SPONTANEOUS ORDER, EVOLUTION, AND NATURAL LAW

While the theoretical problems with these ideas will be discussed in the next section, the simple problem here with respect to Dennett's claim that these were Darwin's ideas is that there were no such "scraps" in Darwin's ontology at all. Setting aside the fact that he was neither an idealist nor a genetic reductionist, both facts sufficient in their own right to disqualify Darwin from being associated with Dennett's theory, Darwin's view of heredity ("pangenesis") precluded such a digital view. In addition to the Lamarckian idea of the use and disuse of parts, Darwin's theory of pangenesis specifically invoked blending inheritance not discretized units such as those that are at the core of selfish replicator theory with its conception of replicators as digitized pieces of program. It was Mendel's non-blending, discretized, or "digital" if you like, theory of inheritance, in contrast to Darwin's blending theory, that was re-discovered by biologists around the beginning of this century, and that provided the basis for reviving the idea of natural selection which was then in disrepute (e.g., Bowler, 1988).

In fact, the importance of Mendel's theory of inheritance versus Darwin's prompted Waddington (1975, p. 168) to propose that neo-Darwinism (contemporary "Darwinism") might more accurately be called "neo-Mendelism" ("Mendelism"). The point is that even if Darwin were an idealist in the sense of Dawkins (which he was not), he never would have asserted anything like the idea that we have all descended from macros or that bits of program are the basis for all agency or intentionality for the simple reason that a digital, discretized, or non-blending, conception of heredity was not part of his theory. To suggest otherwise is extremely misleading. If this is the key idea of Dennett's book then the title if not Dennett's Dangerous Idea should more accurately have been Mendel's Dangerous Idea although even this would have been an extreme act of eisegesis since Mendel was certainly not an idealist reductionist like Dawkins or Dennett either. Neither Mendel nor Darwin ever suggested that living things were constructed as survival vehicles for the benefit of the hereditary "instructions" which were said to build and program them, and even more radically, were said, precisely like Cartesian "mind", to exist in time, not space.

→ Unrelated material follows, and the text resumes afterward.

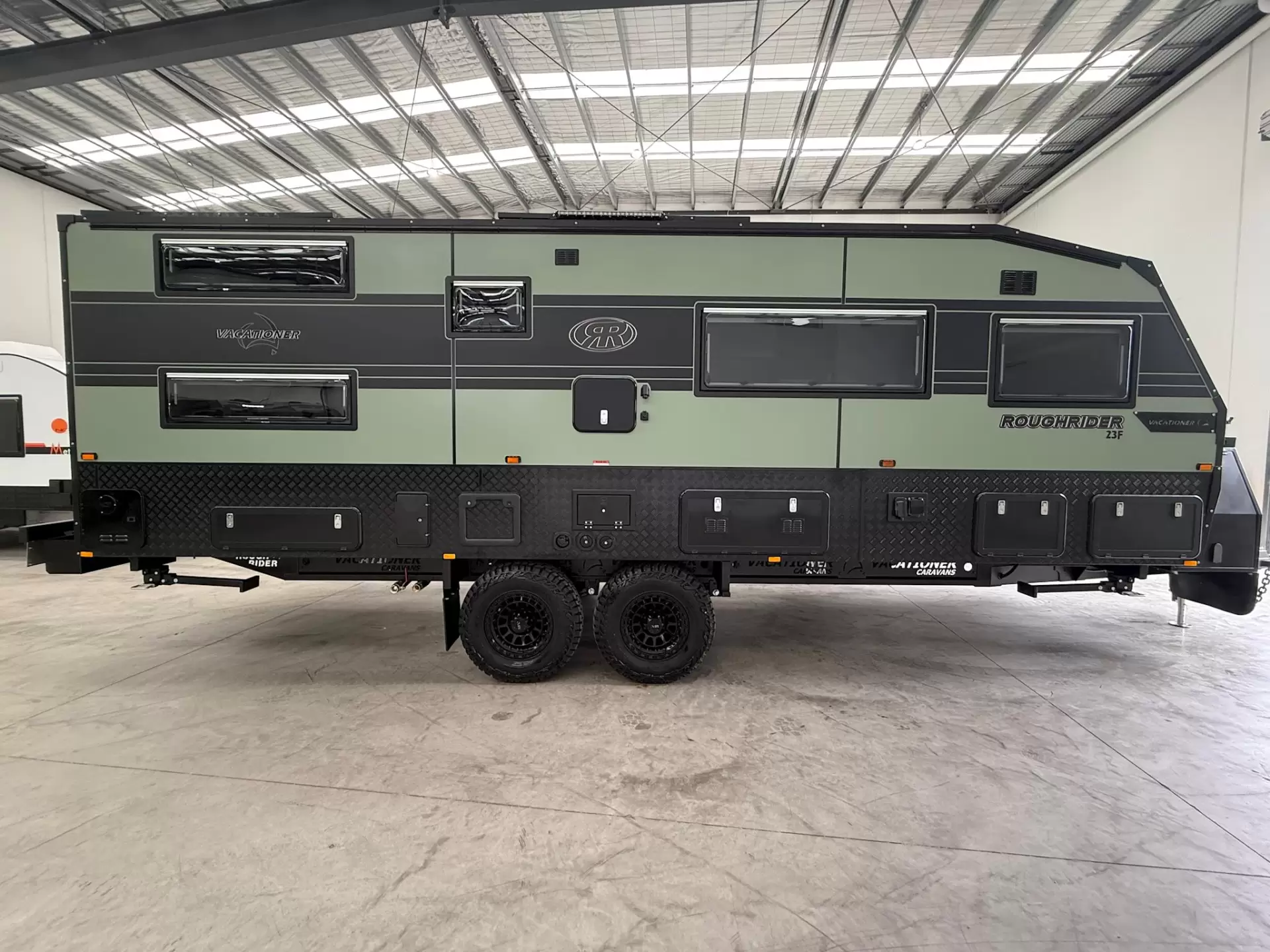 NEW 2026 VACATIONER CARAVANS ROUGH RIDER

Darwin Did Not Say 'Give Me Mere Order And I Will Give You Design'

The "difference between Order and Design," according to Dennett (1995b, p. 64), is that "Order is mere regularity, mere pattern: Design is Aristotle's telos, an exploitation of order for a purpose, such as the cleverly designed artifact." As noted above, Dennett (1995b, p. 38) holds that according to the laws of physics (viz., the second law of thermodynamics) the world is moving from a more to less ordered state. With respect to the evolution of life, Dennett (1995b, p. 65) says, "Darwin jumped into the middle with his proposed answer to the question of how Design could arise from mere Order." "Give me Order, he says, and time, and I will give you Design."

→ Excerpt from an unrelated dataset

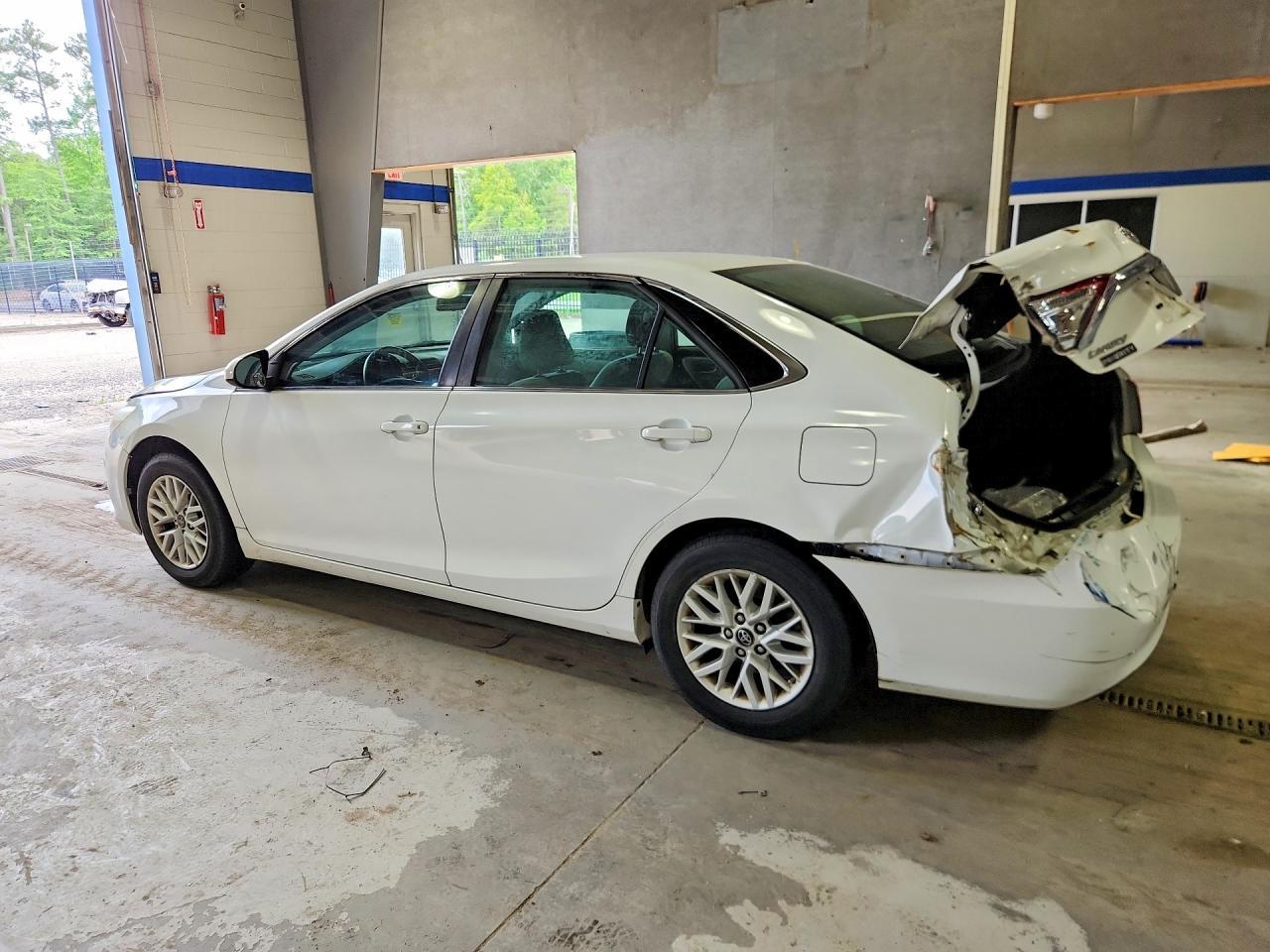 2017 TOYOTA CAMRY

The problem with this assertion like the ones in the preceding sub-section is that Darwin never said, or said anything like, "give me (mere) order and I will give you design". Understanding the problems with this claim points the way to recognizing some of the real, and insurmountable, limitations of Darwinian theory, and Dennett's illegitimate ad hoc smuggling by which he tries to get around them. First, even if Darwin had said something like "give me order" he would have been asking for plenty. Real-world living things presumably are part of or live in a physical world (although how the ideal entities at the core of the Dennett-Dawkins scheme connect with it, the old problem of Cartesian interactionism, is another problem), and Dennett has already said that the world according to the second law of thermodynamics constitutes a process of disordering. If this is true, then for Darwin to have asked offhandedly for order (really "spontaneous ordering") would have been to ask for something that, in effect, "defies" the laws of physics, as living things and evolution, in general, according to Dennett do. If this were true, things would be bad enough, but this is not what Darwin said. What he did say, in fact, makes the problem a whole lot worse because what he asked for was a whole lot more.